I addition, buy his current book, Building Like A Pro: Remodeling a Kitchen, 2003. These are all described on his web site.
4 of 5 people found the following review helpful
Excellent advice on layout, design, functional approach Nov. 21 1997
By mhoward@mhaonline.org - Published on Amazon.com
Format: Hardcover
This is an excellent guide to planning and designing a functional kitchen, most useful for those who spend a lot of time cooking. The photos, decorations, and cabinetry displayed are outdated, but the focus is on kitchen design for practical uses. We relied heavily on the author's principles in bulding a kitchen (in 1992) for our 1906 home, and we've been quite happy. Sections on building cabinets & drawers are interesting but not as well done as some more recent publications.
1 of 1 people found the following review helpful
Useful and thought-provoking Aug. 12 2011
By E. Peterson - Published on Amazon.com
Format: Paperback
We're midway in a kitchen designing project when a friend loaned me this book. I'm considering buying a used copy since it's now out of print.

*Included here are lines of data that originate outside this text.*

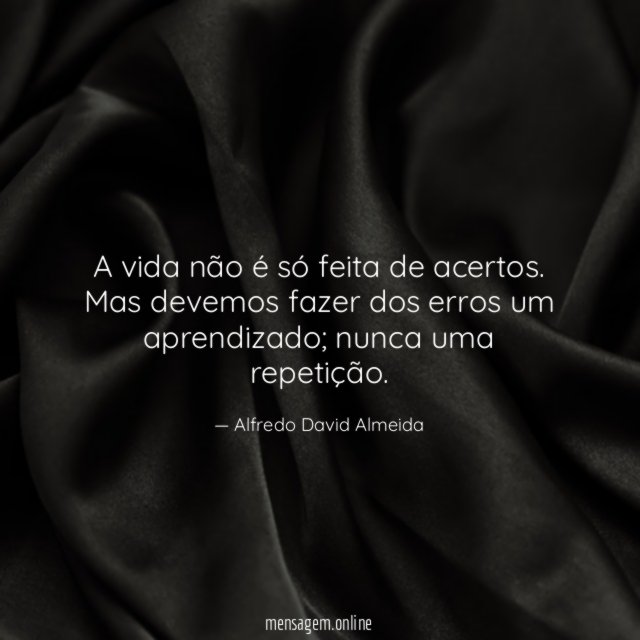A vida não é só feita de acertos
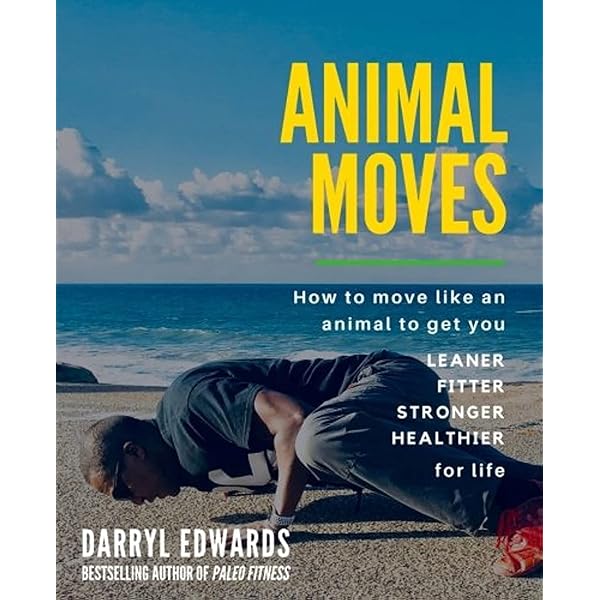 The Practice of Natural Movement: Reclaim Power, Health, and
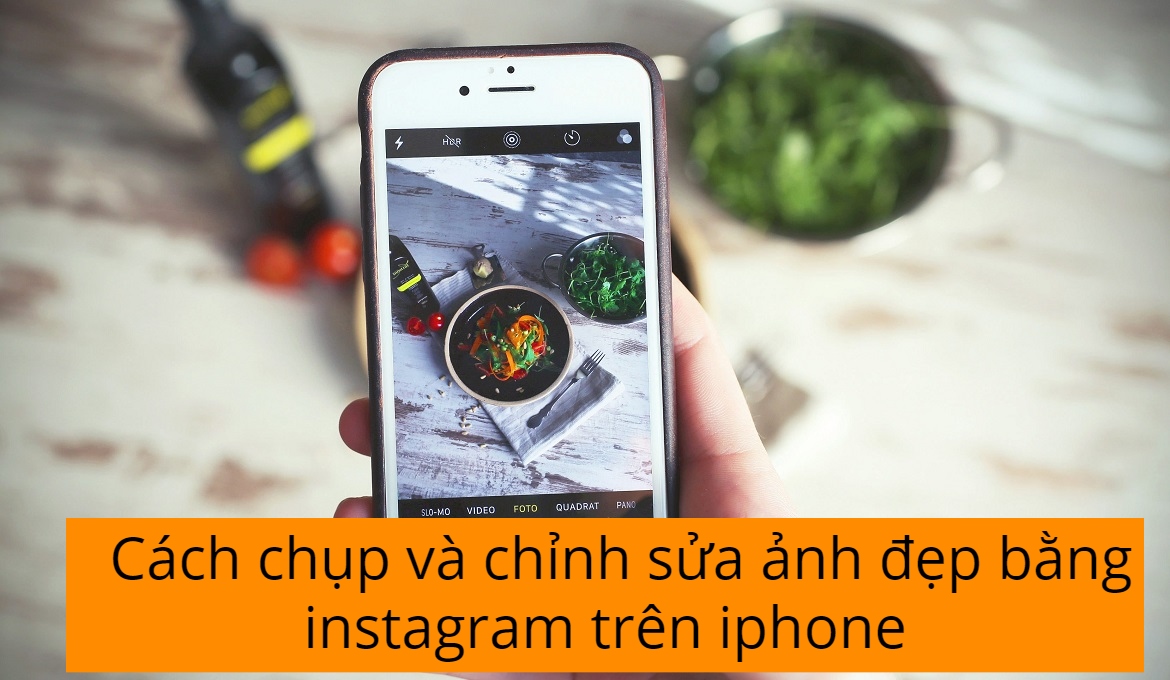 Cách chụp và chỉnh sửa ảnh đẹp bằng instagram trên iphone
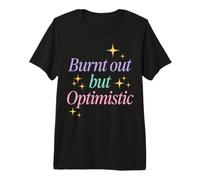 Burnt out But Optimistic Funny Sarcastic Saying Maglietta Premium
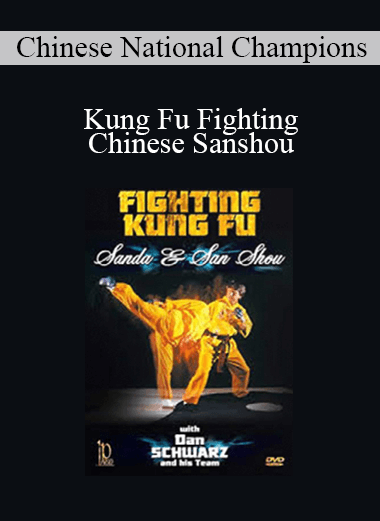 Chinese National Champions - Kung Fu Fighting Chinese Sanshou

Chapter-wise, there's an introduction to the idea that modern kitchens are too standardized and glamorized to be well-matched to the needs of the cook, and the idea of customizing the kitchen to personal use patterns, as well as a discussion of realistic average patterns. There's a chapter talking about fitting the kitchen with the layout of the house as a whole, as well as a chapter focusing on where to put different task areas within a given kitchen. Interesting discussion of choosing where things are stored affects the functionality of the kitchen as much as the layout choices of where the appliances go. Nice ideas about comparing layouts using a string to map your walk between stations while doing various tasks.
Also practical chapters on budgeting money and time for your project, and how to hire help, though this is partly outdated.

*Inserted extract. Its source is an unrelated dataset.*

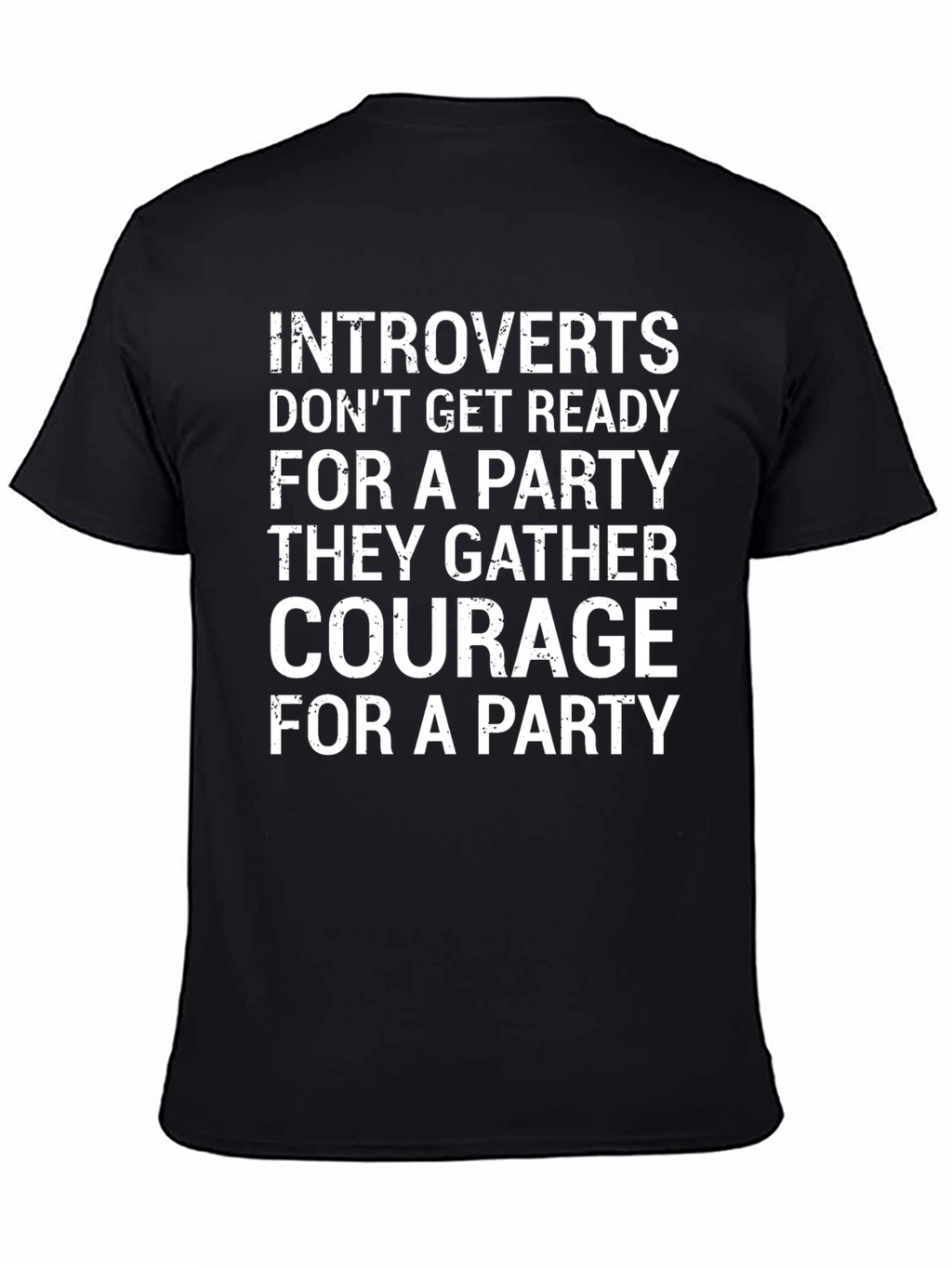 Introvert Party Courage Graphic Tee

Because he's all about customizing the kitchen to the space, there are 2-3 carpentry chapters on cabinet design (door/drawer size choices), in-place cabinet construction (using the room walls and neighboring cabinets as sides/back instead of lots of freestanding Nx24x36 boxes), as well as an appendix on a simple home woodshop to do this in.
Another appendix deals with efficiency studies, motions used in food preparation and cleanup, etc. The author often refers to Frank and Lillian Gilbreth's efficient design principles - meaning that as a fan of Cheaper by the Dozen, I found Clark's design advice even more appealing.

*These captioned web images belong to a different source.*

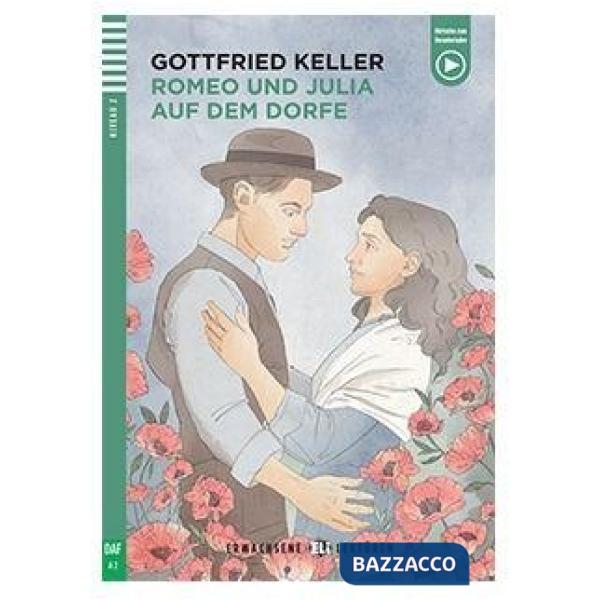 ROMEO UND JULIA AUF DEM DORFE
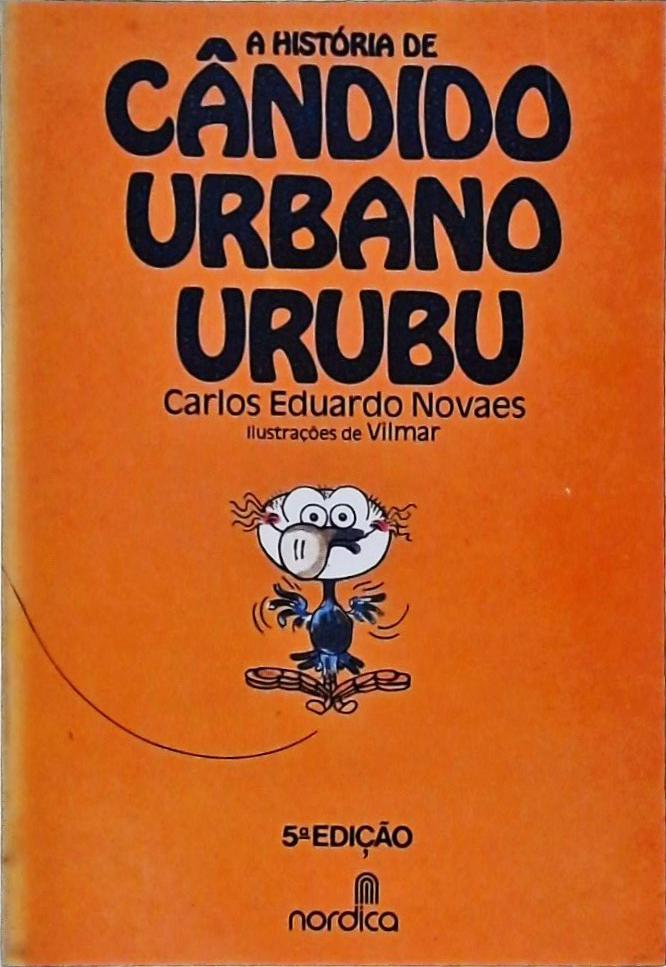 A História De Cândido Urbano Urubu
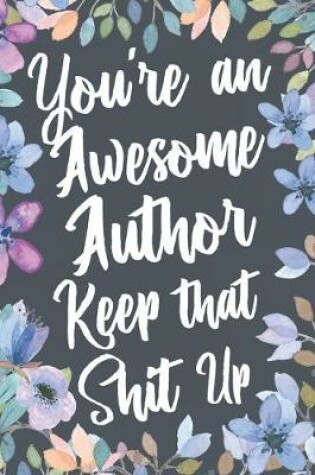 Cover of You're An Awesome Author Keep That Shit Up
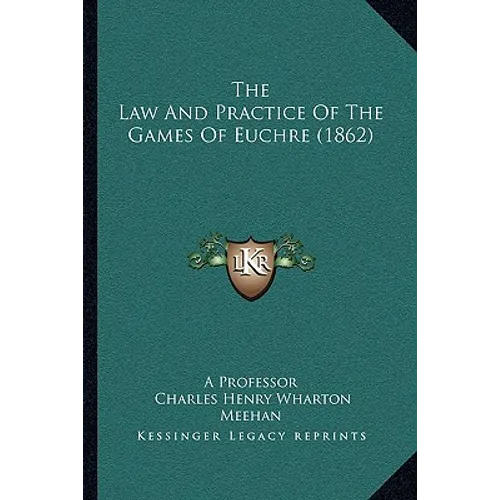 The Law And Practice Of The Games Of Euchre (1862)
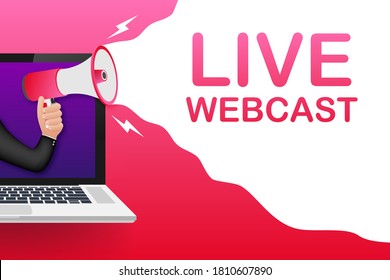 Live Webcast, megaphone no laptop screen. Can be used for business concept. Vector stock illustration.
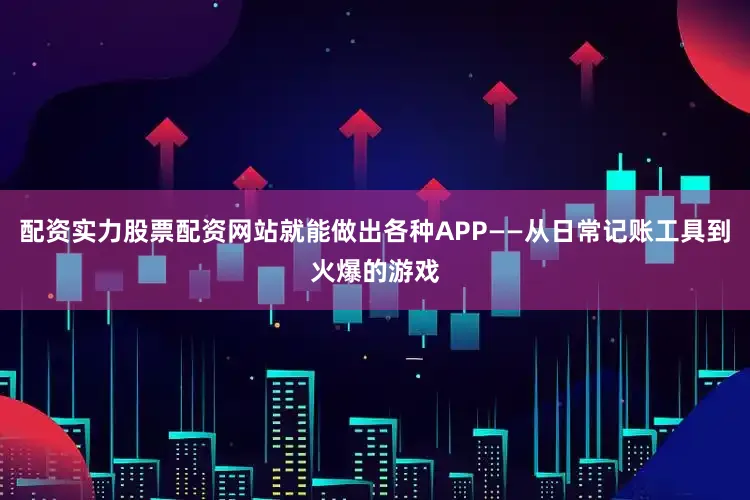 配资实力股票配资网站就能做出各种APP——从日常记账工具到火爆的游戏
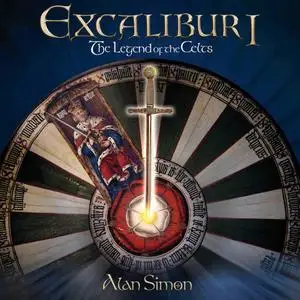 Alan Simon - Excalibur I: The Legend of the Celts (1998/2018/2021) [Official Digital Download]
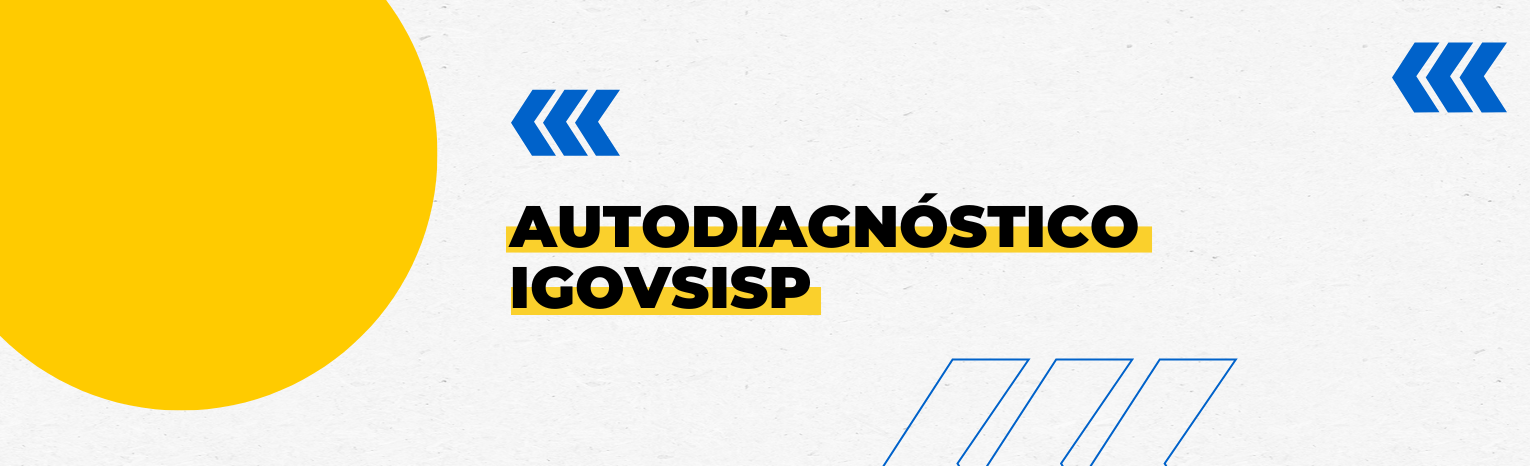 Fundo branco com duas setas azuis apontadas para o lado direito e com três retângulos na vertical. Texto: Autodiagnóstico - iGOVSISP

All around, somebody would have to be very inspired by this design philosophy to need every chapter of this book, but even knowing I'm not interested in some of his ideas (I'm so buying ready-made cabinets, and I'm not into open shelving) there are some great ideas about how to make a kitchen very useable. While the book encourages me to ignore some "rules" of standard modern design as I make my kitchen flow logically for me, the same "do what suits you" principle argues that I can ignore Clark, too, if I decide that's best. Take what you need and leave the rest, but it's all a good read.
1 of 1 people found the following review helpful
Best kitchen design book by far April 2 2007
By J & A - Published on Amazon.com
Format: Paperback Verified Purchase
This book helped us redesign out kitchen to be much more efficient and a joy to work in. Definitely the best home design book I've seen.